■ Exercise brief ■
Look in the material below for the line holding "Ciri-ciri penyakit herpes". Set it down exactly, with each later line up to and including the line holding "Аномалии развития нерва.".

■ Data for the task ■
§ §

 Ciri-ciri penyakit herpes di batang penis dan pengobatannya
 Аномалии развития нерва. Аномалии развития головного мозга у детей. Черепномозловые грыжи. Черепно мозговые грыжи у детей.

§ §

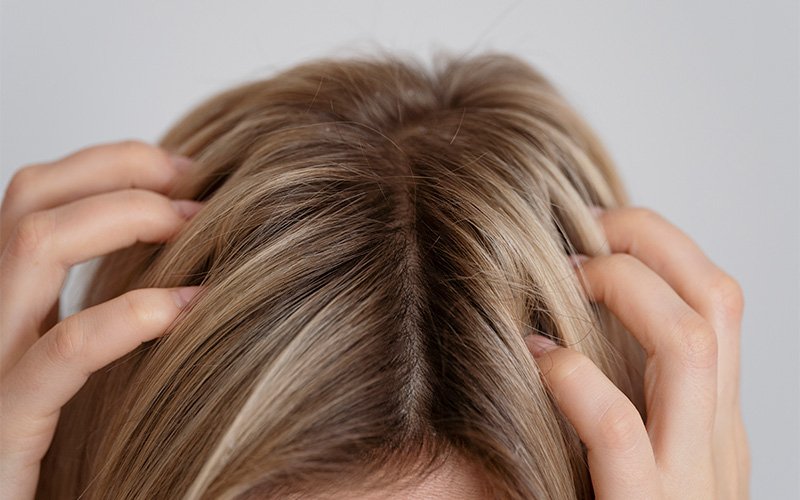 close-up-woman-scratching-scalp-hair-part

§ §

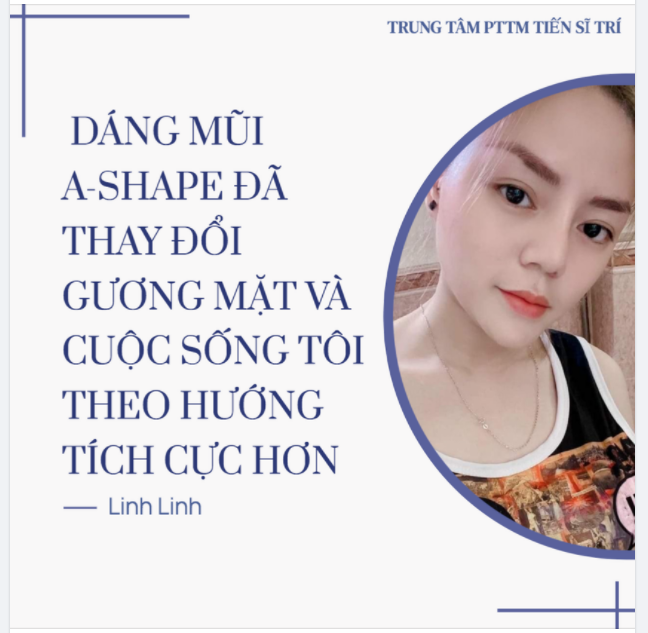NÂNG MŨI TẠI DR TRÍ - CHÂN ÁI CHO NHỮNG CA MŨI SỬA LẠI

§ §

■ Solved problem ■
 Ciri-ciri penyakit herpes di batang penis dan pengobatannya
 Аномалии развития нерва. Аномалии развития головного мозга у детей. Черепномозловые грыжи. Черепно мозговые грыжи у детей.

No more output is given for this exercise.